DAVID: But just on the basic numbers it's not just some of those people you got to pick off. There are 117 Conservative MP who are not going to vote for a more open ended version of this. So you've got to pick off at least 117 opposition Labour, I mean I'm assuming again the SNP aren’t pick-offable on this. So we're talking about close to half the parliamentary Labour Party have got to be picked off. And then you have a prime minister who only is able to pass legislation with the support of half of the opposition, and that is an issue that clearly splits the cabinet. I mean the cabinet I don't think can hold together under those circumstances. I genuinely do not see how you get there.
HELEN: You can do two things you can try to make the political declaration a bit more open ended at the Customs Union and you can try and really reinforce this message that the backstop doesn't make it a guarantee that we're staying in the Customs Union. Now I know that’s saying two different things to two different people, but if you're keeping the possibilities open so that this is a future battle that can fought, probably in as incoherent a way as this one has, then you have got some space to get two different sides back into it.
CHRIS: I think the numbers are just too great. I would probably have agreed had we seen May lose but having brought a reasonably substantial number of people onto her side, and so we are into the into the territory of arguing about what are essentially details—important details, but details. I think the vote last night was something else. I think it was an overwhelming rejection of her deal as a whole.
DAVID: And her. Her style, her approach, her method.
CHRIS: All these things. I think many more people voted against that deal than who are fundamentally opposed to some particular aspect of it.
HELEN: I entirely agree about that.
CHRIS: Other things are going on. And so and the momentum, I think is really very very strong, and it limits the options, I think. It means that the options are pushing very firmly towards an extension. The second referendum has the enormous appeal for MPs that it throws all this difficult stuff back to the people. The MPs I don't have I think a great solution that they want to table. So for them that's very tempting. It also pushes sort of in the direction of some sort of fundamental change where parliament becomes a kind of cross-party unified body that somehow acts… I think negotiating around the political... I just don't see that as a way out of the current impasse.
HELEN: You've still got to go back to this issue of how this second referendum legislation is going to get through the House of Commons and it's going to have the content that it needs in order to set up that referendum.

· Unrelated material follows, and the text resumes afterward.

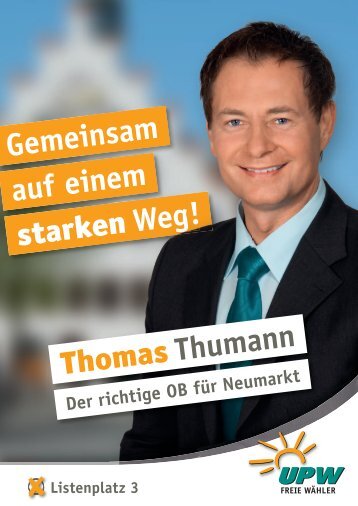 Thomas Thumann - Neumarktonline.de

DAVID: I just want just one more question on the possibility that this government, Theresa May's government, can somehow get some version of this to pass. Is there any way in which she could have a conversation with some people in Labour, maybe even including Jeremy Corbyn, where the deal is essentially, ‘What would it take for you lot to abstain? And if you abstain, my party, there’s a majority in my party still,’ not least because there's so many government ministers... I mean maybe they would all resign at that point but the payroll more or less gets it through with a few extra. Is there any circumstance in which the deal is to say to Labour, ‘You won't own this because you'll abstain on it, but if you abstain on it, we can just squeak it through.’ I mean it's still going to be tight because of the SNP, and obviously the SNP won’t abstain because… I'm still struck by this, and I wrote about this recently, one of the things that seems to have vanished from British politics is abstaining on these votes. No one abstained on the confidence vote in the leadership vote for Theresa May. As far as I can tell almost no one abstained last night. What happened to abstention? I would abstain because I have no idea what's going on. [30:30]
KENNETH: But I think that a big problem would be is that if a vote comes back on something it's going to be very much similar to what we already have. So how could you just have voted against that one time round and then suddenly decide you're going to abstain the next time round. And I mean Corbyn last night when he was talking in his closing speech was attacking things that weren't just about the political declaration. It was also the transitional period, he was talking of the extension of the transitional period, more contributions being made to the EU budget during that period. He was attacking actually fundamental aspects or core aspects of the withdrawal agreement itself. They're not going to be renegotiated. They're not going to change. So it would be quite odd then, I think, for Labour suddenly to say, ‘Well that thing we were upset about a week ago we’re now just abstaining on.’
DAVID: Especially since what he's trying to do is bring down the government and force a general election.
HELEN: I think abstentions might yet still come into play. I think the other thing we've got to bear in mind is you've got two groups of people, in particular the ERG and the second referendum people, who are gambling that they will get what they want, and they can't both be right.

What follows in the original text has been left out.